Items listed in a dataset:
╔══

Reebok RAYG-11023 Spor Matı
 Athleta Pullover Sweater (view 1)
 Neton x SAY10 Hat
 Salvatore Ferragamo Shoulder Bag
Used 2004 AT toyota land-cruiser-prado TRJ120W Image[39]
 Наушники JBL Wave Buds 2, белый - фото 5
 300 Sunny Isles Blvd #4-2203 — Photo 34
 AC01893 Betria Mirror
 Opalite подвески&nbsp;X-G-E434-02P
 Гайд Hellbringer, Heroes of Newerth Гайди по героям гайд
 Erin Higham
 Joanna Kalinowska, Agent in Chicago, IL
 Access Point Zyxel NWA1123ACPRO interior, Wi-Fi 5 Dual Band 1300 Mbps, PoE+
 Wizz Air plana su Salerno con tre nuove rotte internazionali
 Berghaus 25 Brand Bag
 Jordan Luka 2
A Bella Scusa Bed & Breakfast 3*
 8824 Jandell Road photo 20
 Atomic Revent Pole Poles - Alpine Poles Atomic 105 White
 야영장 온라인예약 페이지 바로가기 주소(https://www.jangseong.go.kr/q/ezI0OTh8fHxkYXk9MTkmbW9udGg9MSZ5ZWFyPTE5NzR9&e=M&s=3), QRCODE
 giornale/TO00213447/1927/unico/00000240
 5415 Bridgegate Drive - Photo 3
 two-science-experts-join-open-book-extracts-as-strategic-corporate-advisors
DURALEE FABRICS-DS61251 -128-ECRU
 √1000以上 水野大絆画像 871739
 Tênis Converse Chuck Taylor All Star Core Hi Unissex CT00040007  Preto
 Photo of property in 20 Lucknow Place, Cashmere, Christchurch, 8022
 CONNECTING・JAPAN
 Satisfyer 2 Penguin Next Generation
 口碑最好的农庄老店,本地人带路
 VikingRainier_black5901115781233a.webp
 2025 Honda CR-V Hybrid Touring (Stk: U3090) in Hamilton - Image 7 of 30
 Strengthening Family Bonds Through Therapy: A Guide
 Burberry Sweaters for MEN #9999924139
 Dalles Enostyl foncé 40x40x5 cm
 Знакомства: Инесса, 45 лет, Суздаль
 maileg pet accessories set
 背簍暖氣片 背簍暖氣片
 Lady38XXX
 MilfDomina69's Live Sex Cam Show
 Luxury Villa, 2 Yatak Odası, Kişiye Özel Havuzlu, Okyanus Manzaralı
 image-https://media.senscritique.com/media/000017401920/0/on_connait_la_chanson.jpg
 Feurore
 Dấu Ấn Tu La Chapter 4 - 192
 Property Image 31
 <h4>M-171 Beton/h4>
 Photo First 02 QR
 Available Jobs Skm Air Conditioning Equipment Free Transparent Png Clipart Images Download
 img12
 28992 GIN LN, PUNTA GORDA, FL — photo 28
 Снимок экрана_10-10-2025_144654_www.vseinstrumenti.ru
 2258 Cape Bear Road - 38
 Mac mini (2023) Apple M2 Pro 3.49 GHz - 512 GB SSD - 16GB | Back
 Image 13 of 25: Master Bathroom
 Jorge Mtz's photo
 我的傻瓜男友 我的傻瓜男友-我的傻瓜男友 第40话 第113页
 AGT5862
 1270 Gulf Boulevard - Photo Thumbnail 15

╚══

#### [What needs to be done]
An exact copy of every entry is required.

#### [Exercise answer]
Reebok RAYG-11023 Spor Matı
 Athleta Pullover Sweater (view 1)
 Neton x SAY10 Hat
 Salvatore Ferragamo Shoulder Bag
Used 2004 AT toyota land-cruiser-prado TRJ120W Image[39]
 Наушники JBL Wave Buds 2, белый - фото 5
 300 Sunny Isles Blvd #4-2203 — Photo 34
 AC01893 Betria Mirror
 Opalite подвески&nbsp;X-G-E434-02P
 Гайд Hellbringer, Heroes of Newerth Гайди по героям гайд
 Erin Higham
 Joanna Kalinowska, Agent in Chicago, IL
 Access Point Zyxel NWA1123ACPRO interior, Wi-Fi 5 Dual Band 1300 Mbps, PoE+
 Wizz Air plana su Salerno con tre nuove rotte internazionali
 Berghaus 25 Brand Bag
 Jordan Luka 2
A Bella Scusa Bed & Breakfast 3*
 8824 Jandell Road photo 20
 Atomic Revent Pole Poles - Alpine Poles Atomic 105 White
 야영장 온라인예약 페이지 바로가기 주소(https://www.jangseong.go.kr/q/ezI0OTh8fHxkYXk9MTkmbW9udGg9MSZ5ZWFyPTE5NzR9&e=M&s=3), QRCODE
 giornale/TO00213447/1927/unico/00000240
 5415 Bridgegate Drive - Photo 3
 two-science-experts-join-open-book-extracts-as-strategic-corporate-advisors
DURALEE FABRICS-DS61251 -128-ECRU
 √1000以上 水野大絆画像 871739
 Tênis Converse Chuck Taylor All Star Core Hi Unissex CT00040007  Preto
 Photo of property in 20 Lucknow Place, Cashmere, Christchurch, 8022
 CONNECTING・JAPAN
 Satisfyer 2 Penguin Next Generation
 口碑最好的农庄老店,本地人带路
 VikingRainier_black5901115781233a.webp
 2025 Honda CR-V Hybrid Touring (Stk: U3090) in Hamilton - Image 7 of 30
 Strengthening Family Bonds Through Therapy: A Guide
 Burberry Sweaters for MEN #9999924139
 Dalles Enostyl foncé 40x40x5 cm
 Знакомства: Инесса, 45 лет, Суздаль
 maileg pet accessories set
 背簍暖氣片 背簍暖氣片
 Lady38XXX
 MilfDomina69's Live Sex Cam Show
 Luxury Villa, 2 Yatak Odası, Kişiye Özel Havuzlu, Okyanus Manzaralı
 image-https://media.senscritique.com/media/000017401920/0/on_connait_la_chanson.jpg
 Feurore
 Dấu Ấn Tu La Chapter 4 - 192
 Property Image 31
 <h4>M-171 Beton/h4>
 Photo First 02 QR
 Available Jobs Skm Air Conditioning Equipment Free Transparent Png Clipart Images Download
 img12
 28992 GIN LN, PUNTA GORDA, FL — photo 28
 Снимок экрана_10-10-2025_144654_www.vseinstrumenti.ru
 2258 Cape Bear Road - 38
 Mac mini (2023) Apple M2 Pro 3.49 GHz - 512 GB SSD - 16GB | Back
 Image 13 of 25: Master Bathroom
 Jorge Mtz's photo
 我的傻瓜男友 我的傻瓜男友-我的傻瓜男友 第40话 第113页
 AGT5862
 1270 Gulf Boulevard - Photo Thumbnail 15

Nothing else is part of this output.